##### Information shown #####

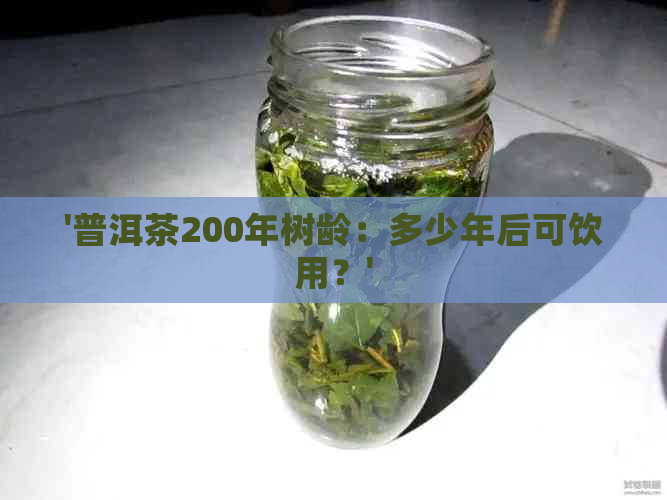 '普洱茶200年树龄：多少年后可饮用？'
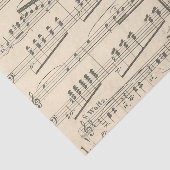 ontleding van papier voor muziekvel (Detail)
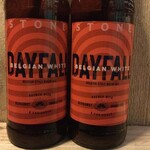 NIEUW BINNEN: Dayfall, Stone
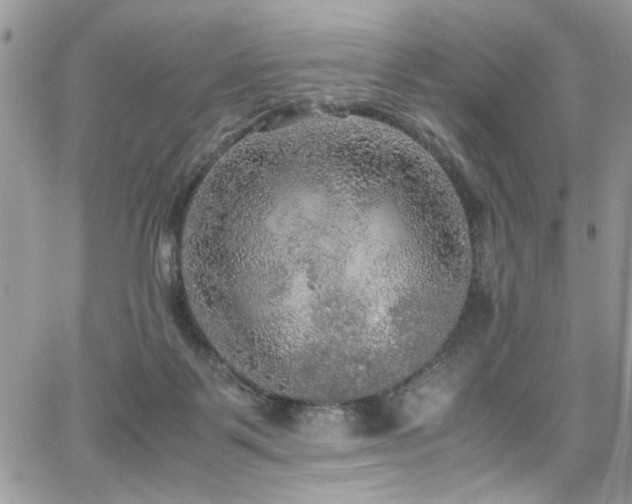 X0000065240123200602171434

#####

» **Directions**: What you return must match the material above exactly, minus its pictures.

» **Response area**:
 '普洱茶200年树龄：多少年后可饮用？'
 ontleding van papier voor muziekvel (Detail)
 NIEUW BINNEN: Dayfall, Stone
 X0000065240123200602171434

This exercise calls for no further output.